- _EXERCISE_
Somewhere below, one line contains "Spacious home with" and a later line contains "L'Hôtel d'Assézat —". Output those two lines and everything between them exactly, and nothing else.

- _STORED DATA_
-- -- --
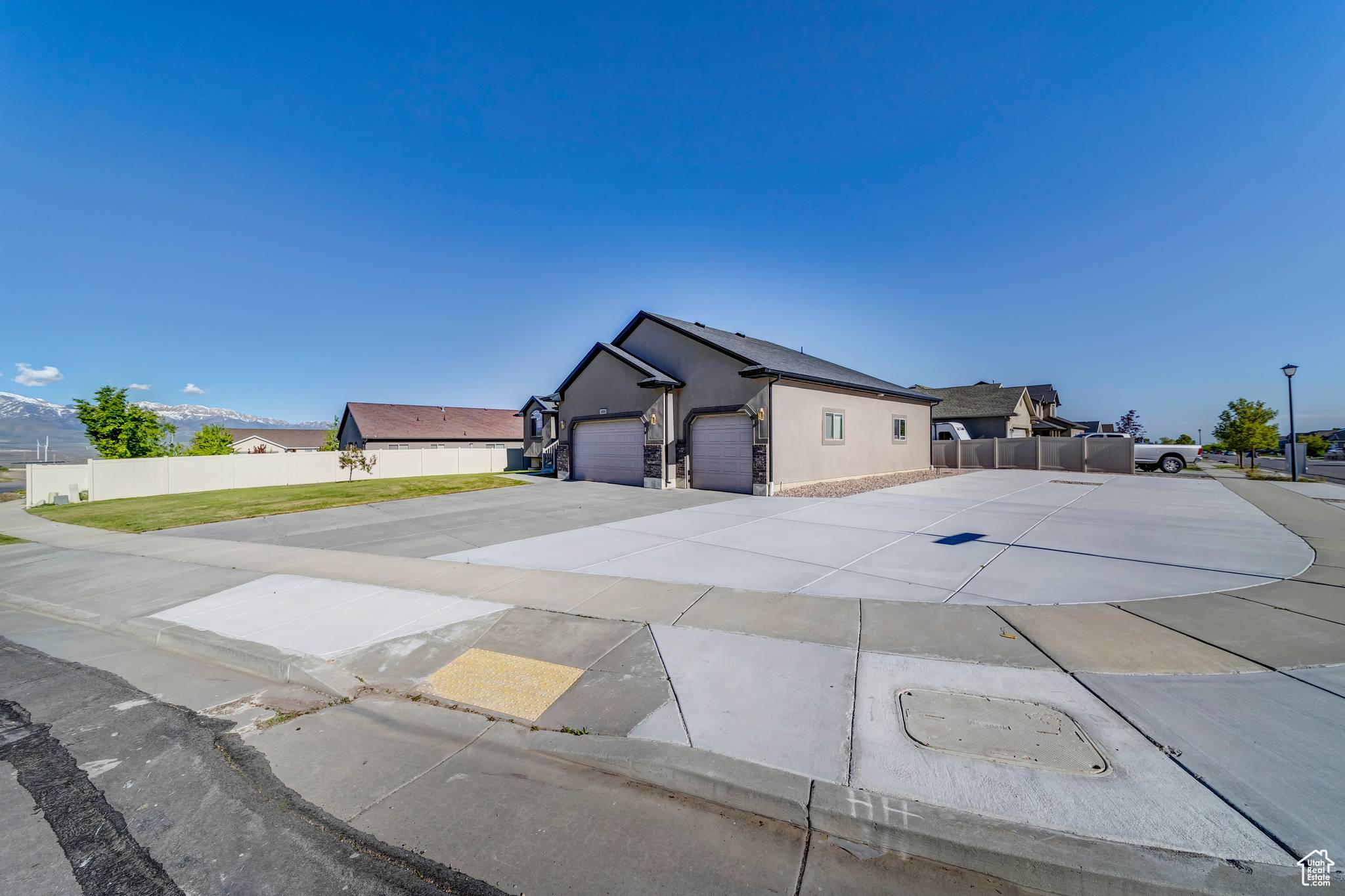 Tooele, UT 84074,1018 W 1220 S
-- -- --
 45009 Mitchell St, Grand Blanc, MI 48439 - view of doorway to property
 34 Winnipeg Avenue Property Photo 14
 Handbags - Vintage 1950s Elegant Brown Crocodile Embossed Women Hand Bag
-- -- --
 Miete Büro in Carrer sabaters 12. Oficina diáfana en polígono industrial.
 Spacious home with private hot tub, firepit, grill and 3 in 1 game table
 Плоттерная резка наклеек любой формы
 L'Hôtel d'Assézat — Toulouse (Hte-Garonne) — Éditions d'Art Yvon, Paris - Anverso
-- -- --
- _FINISHED EXERCISE_
 Spacious home with private hot tub, firepit, grill and 3 in 1 game table
 Плоттерная резка наклеек любой формы
 L'Hôtel d'Assézat — Toulouse (Hte-Garonne) — Éditions d'Art Yvon, Paris - Anverso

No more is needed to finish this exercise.